The privilege of making use of fossil fuels has most often fallen to the comparatively wealthy sections of the world, while the burdens of climate change are obviously falling more drastically on the poor. The pressing question of who is responsible for the costs of climate change and the costs of adaptation to it lies at the heart of global justice. Another concern is how an international treaty will assign mitigation costs and whether costs will be assigned in a way that constrains poverty eradicating economic growth in the developing and least developed countries.
The United Nations Framework Convention on Climate Change (UNFCCC), formed by international treaty in 1992, is the international institution wherein international agreements dealing with climate change occur. Both the treaty and the institution that developed as a result of the treaty. The UNFCCC provides the institutional setting for international negotiations and the Convention provides a deliberative framework in a set of guiding norms.
Cosmopolitans are likely to favour distinguishing the burdens of responding to climate change in a way that provides allowances to developing countries. The Convention applies to a world characterized by extreme poverty and global inequality. Economic development can eradicate poverty but it is energy intensive. A climate change treaty that raises energy prices in the developing world threatens to slow, or prevent, the process by which billions of people may be raised out of extreme poverty.

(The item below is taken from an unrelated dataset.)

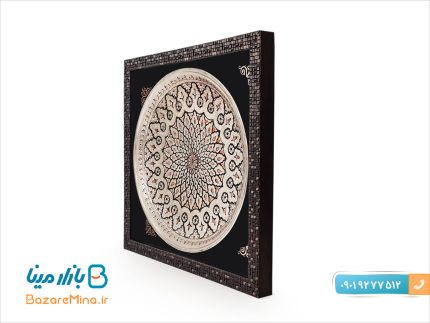 قاب بشقاب قلم زنی اصفهان قطر 30 سانت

Considerations of global justice and the Convention’s language of common but differentiated responsibilities have led some people to conclude that a morally acceptable international treaty should distribute various responsibilities of states according to their historic contribution of greenhouse gasses. This idea is subsumed in the polluter-pays-principle. The idea is that those who pollute should pay in proportion to their contribution to the overall pollution problem.

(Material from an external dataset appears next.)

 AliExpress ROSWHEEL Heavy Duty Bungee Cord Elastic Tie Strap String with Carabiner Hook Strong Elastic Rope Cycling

Meanwhile the ability-to-pay-principle assigns responsibility in proportion to an agent’s capacity. The ability-to-pay is often used in the assignment of burdens for financing state activities such as defence against various threats and the provision of certain aspects of the well-being of citizens.
Sustainable development, on the other hand, would be consistent with theories of global justice that require eradicating poverty or decreasing inequalities. It would also be in line with the Convention’s commitment to sustainable development, a comprehensive conception of which had been laid down in its preamble. The goal of development is to eradicate poverty- this requires economic growth, which in turn requires growth in energy consumption and, when cheap fossil fuels are used, a by-product of energy consumption is CO2 emissions. To achieve a poverty eradicating development, developed countries would have to cut down on their emissions heavily. Thinkers such as Darrel Moellendorf have gone on record to say that since emissions growth over the next several decades will come mostly from the developing countries, an effective climate change treaty ought to address their concerns.